For example, carrot cake can have coconut instead of walnuts, currants instead of raisins. The sometimes gloppy and heavy cream cheese frosting can lighten up with lemon rind and juice. One can make beautiful ribbons of carrot, candied in maple syrup to garnish that swath of now tart ivory frosting. When I began to change up the classic recipe, the process started to get really fun! This was no tired, old-fashioned, cafe carrot cake, getting stale under a glass dome. No. I borrowed a little of this and a little of that, combined recipes and, wow -I guess I love carrot cake! Enough like the original not to disappoint a traditionalist but irreverent enough to please an obsessive cake eater like me. Very pretty too.

I combined fragments from Joy of Cooking, the Weekend Baker by Abby Dodge, the Barefoot Contessa Parties by Ina Garten, and The New Best Recipe from Cooks Illustrated. The stole of toasted flaked coconut is me. Thanks to Maria for the nudge which dashed all my boring preconceived notions. What a fun project. And it was perfect because it’s fall.

Here’s what I did. All of the parts are fast and beyond easy.

Carrot Cake with Lemon Cream Cheese Frosting

Preheat oven to 350.

  • 1 1/2 c. all purpose flour
  • 1 c. sugar
  • 1 1/2 tsp baking soda
  • 1 tsp baking powder
  • 1 tsp cinnamon
  • 1/2 tsp cloves
  • 1/2 tsp freshly grated nutmeg (or ground if that is all you have)
  • 1/2 tsp ground allspice
  • 1/2 tsp salt
  • 1/3 c. vegetable oil
  • 3 large eggs
  • 1 1/2 c. finely grated carrot
  • 1 cup shredded sweetened coconut
  • 1 cup currants
  1. Butter and flour (2) 9″ round cake tins.
  2. Whisk flour, sugar, baking soda, baking powder, cinnamon, cloves, nutmeg, allspice, and salt in a large bowl.
  3. Pour the vegetable oil into a 2 cup liquid measuring cup. Add the eggs.
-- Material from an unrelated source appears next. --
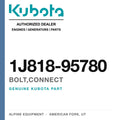 Genuine Kubota bolt,connect, part number 1J818-95780 — Alpine Equipment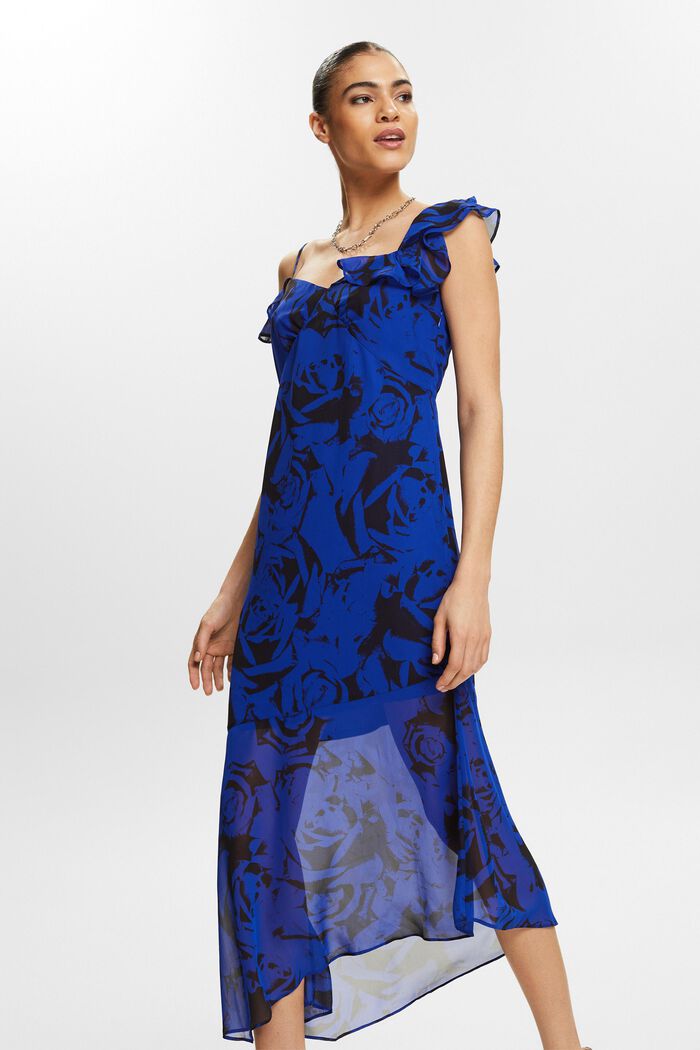 Potištěné šifonové midi šaty s odhalenými rameny, BRIGHT BLUE, detail image number 7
Whisk with a fork.
  4. Whisk the dry ingredients with the oil and eggs mixture until smooth.
  5. Fold in the carrots, coconut and currants until evenly combined.
  6. Divide the batter between the two cake pans and bake for 25-30 minutes.  Allow to cool in the pan for 10 minutes and then transfer to a cake rack to cool completely.

Lemon Cream Cheese Frosting in the Food Processor

  • 12 ounces of cold cream cheese
  • 1 c. unsalted butter – can be cold, better at room temperature
  • 2 1/2 c. confectioners suger, measured then sifted.
  • 1/2 tsp table salt
  • 3 tbsp freshly squeezed lemon juice
  • 2 tsp finely grated lemon zest (a good job for a microplane grater)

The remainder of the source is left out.